# Bei 'The Expendables 3'-Dreh - Jason Statham fast ertrunken!



## beachkini (28 Aug. 2013)

*Rollen wie "The Transporter" oder "Crank" machten ihn weltberühmt: Jason Statham, 45, gehört zur obersten Liga der Action-Schauspieler. Die waghalsigen Stunts macht der Lebensgefährte von Top-Model Rosie Huntington-Whiteley, 26, zum Teil selbst. Einer hätte ihn nun fast das Leben gekostet. 
*​
Bei den Dreharbeiten zu dem Film "The Expendables 3" wäre der Darsteller am vergangenen Samstag, 24. August, beinahe ertrunken!

Das Unglück eregnete sich in einem künstlich angelegten See in Bulgarien. Während einer Unterwasserszene schaffte es Statham nicht mehr rechtzeitig, das Wasser zu verlassen und begann zu sinken, wie mehrere bulgarische Medien heute, 27. August, berichteten. 

Die ganze Crew sowie mehrere Stundleute kamen dem Schauspieler zur Hilfe. Er konnte unverletzt geborgen werden und wurde anschließend in ein Krankenhaus eingeliefert, welches er nach einigen Stunden unversehrt wieder verlassen durfte. 

Da dürfte auch seiner Freundin Rosie ein großer Stein vom Herzen fallen. Gerüchten zufolge soll er vorhaben, ihr schon bald einen Antrag zu machen. (ok-magazin.de)

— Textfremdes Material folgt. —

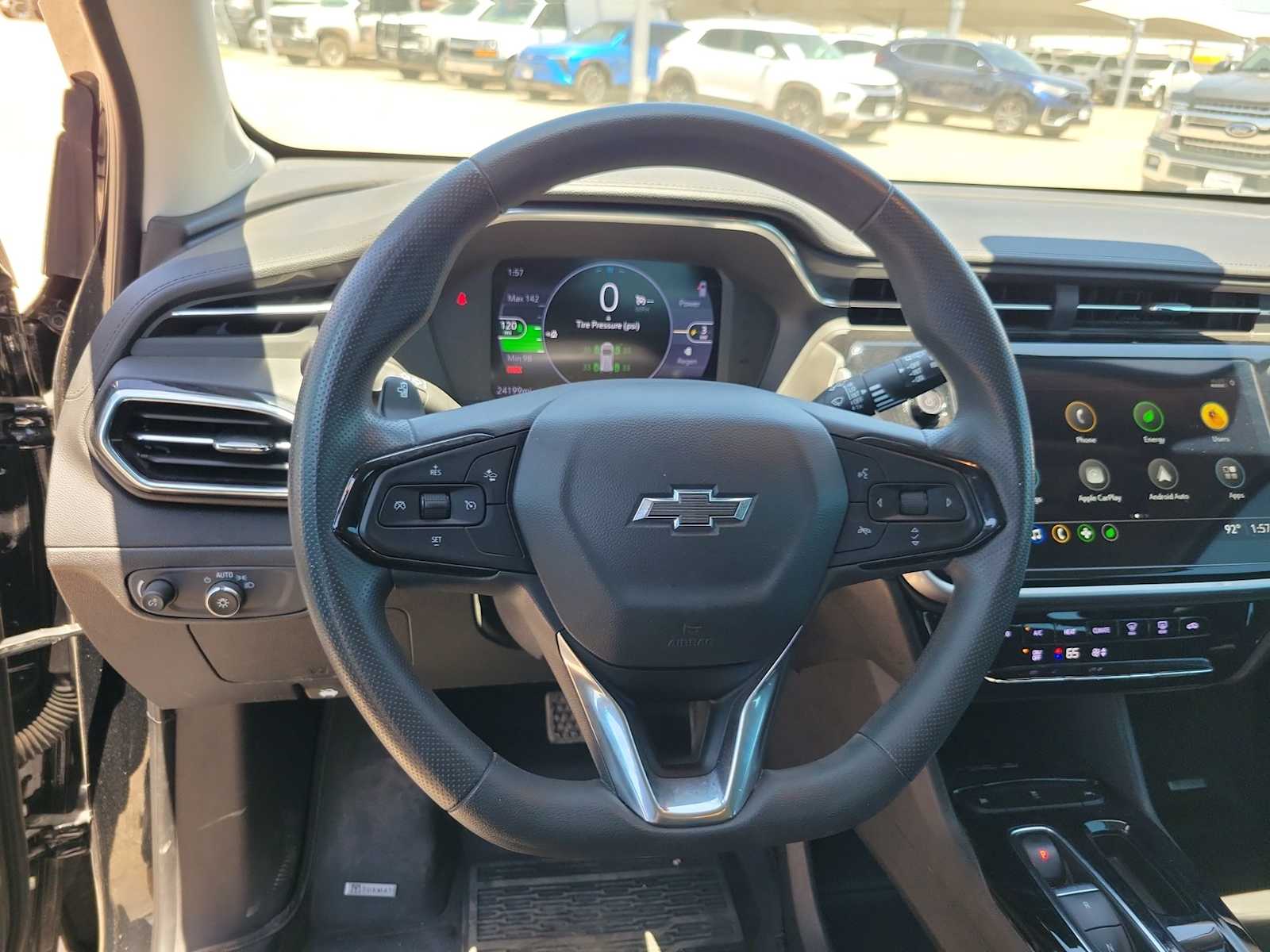 Thumbnail: 2023 Chevrolet Bolt EUV - 23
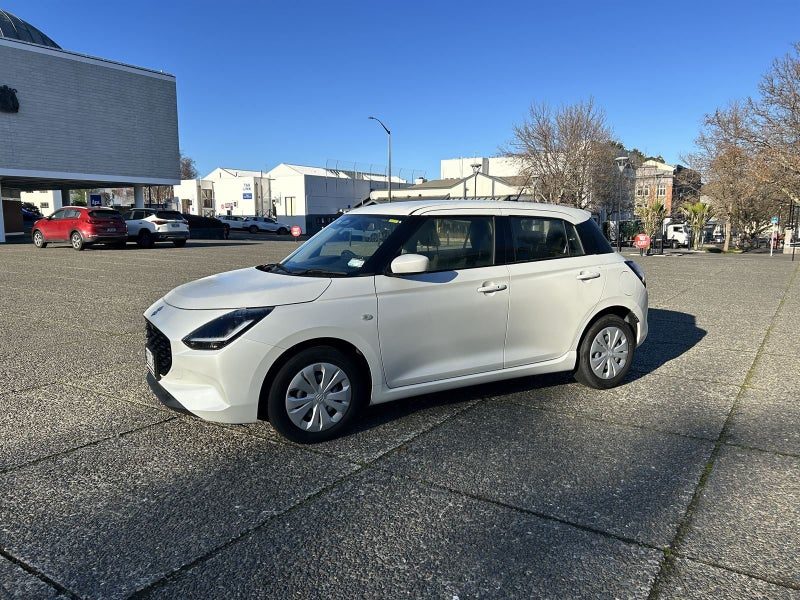 2024 Suzuki Swift GLS HYBRID, photo 3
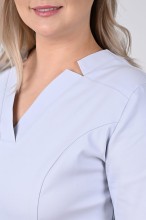 Bluzka medyczna damska Premium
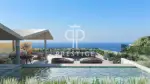 New Build 2 bedroom Penthouse for sale with sea view in Fuengirola, Andalucia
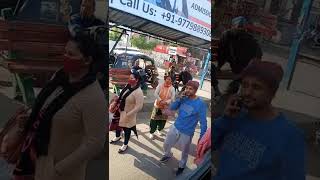 bus stand Hoshiarpur Punjab new vlog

Wahrscheinlich nur etwas verschluckt, aber Pressemeldungen machen sich immer gut für einen Film. Besonders er war Profischwimmer...


----------



## Punisher (28 Aug. 2013)

Tz, als ehemaliger Profischwimmer ertrinkt man nicht so schnell


----------



## Sidewinder (28 Aug. 2013)

Schon wieder Bulgarien als Drehort? Damit ist der Film für mich gestorben denn das Ostblock Setting hat mir schon Teil 2 versaut :angry:


----------



## cb1986 (29 Aug. 2013)

like this series of films, good shows


----------